While Alberta Premier Jason Kenney took a victory lap after the Court of Appeal sided with the province, ruling the federal government’s carbon tax was an unwarranted intrusion into provincial jurisdiction, the race is far from over.
In a 4-1 ruling the province’s high court ruled that the carbon tax is essentially the camel’s nose in the tent.
The majority decision noted such things health care, minimum wages and justice are all national concerns but are administered by the provinces. For something to be a national concern within federal jurisdiction, it would have to be beyond the scope of provincial powers.
The justices said the carbon tax law gives the federal cabinet “endlessly expansive” powers.
“Conspicuous for its breadth, the act allows the federal government to intrude further into more and different aspects of lawful daily life.”
High courts in other jurisdictions, however, have ruled that the division of powers as laid out in the Constitution are not applicable because environment was not a concern then. At best, the carbon tax merely acknowledges joint responsibility. At worst, it represents the need for national strategy.
So the issue will be resolved by the Supreme Court of Canada in a few months time.
It’s hard to see the country’s high court ruling against the carbon tax when so many are obsessed with CO2 emissions.
That obsession, of course, is at the root of so many of our political clashes.
It’s a divisive issue not only for the global political sphere, but for the various national and local spheres as well.
This obsession with fossil fuels is standing in the way of resolving the indigenous question, with some natives siding with environmentalists and others siding with proponents of resource development.
And it leads to provinces attacking each other. British Columbia and Quebec vs Alberta immediately comes to mind.

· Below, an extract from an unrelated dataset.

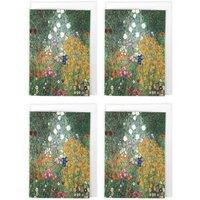 Wee Blue Coo Gustav Klimt The Flower Garden Colourful Meadow Pack of 4 Art Cards in Green | Size: 4 Pack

It also leads to countries toying with the idea of imposing tariffs on those countries which have refused to embrace the Paris Accord. Think the European Union vs the United States.
Making matters worse are the timelines. The 2030 goals set out in the Paris Accord are not achievable and the ultimate goal of net-zero by 2050 are simply impossible. We would need to basically build hundreds of thousands of wind turbines per day to achieve those goals. It’s not happening and it will not happen.
The ultimate insult, of course, all the while we here in the West or North were doing this, developing countries such as China and India would be adding thousands of coal fired plants to create electricity, rendering all our emission cuts pointless.
So much so that China is predicted to the single largest emitter of CO2 in2050. Its share of emissions will be fully 50 per cent of global emissions.
And India would not be far behind.
In the real world, life is all about priorities. You need to have a roof over your head and food on the table before you can even begin to dream about a fancy set of clothes.
The Trudeau government’s priorities are askew. We have more important problems to solve – indigenous poverty, poor economic growth, staggering debt loads, to name but a few – before we can even begin to tackle global issues.
And with Canada contributing a mere 1.8 per cent of global CO2 emissions, it does not matter what we do. We could cease to exist tomorrow and our loss would not be noticed.
Perhaps the Supreme Court Justices will force the federal government to temper its ambitions. That would be the best outcome. But it’s also the least likely outcome. The entire world is obsessed. Why should our justices be any different?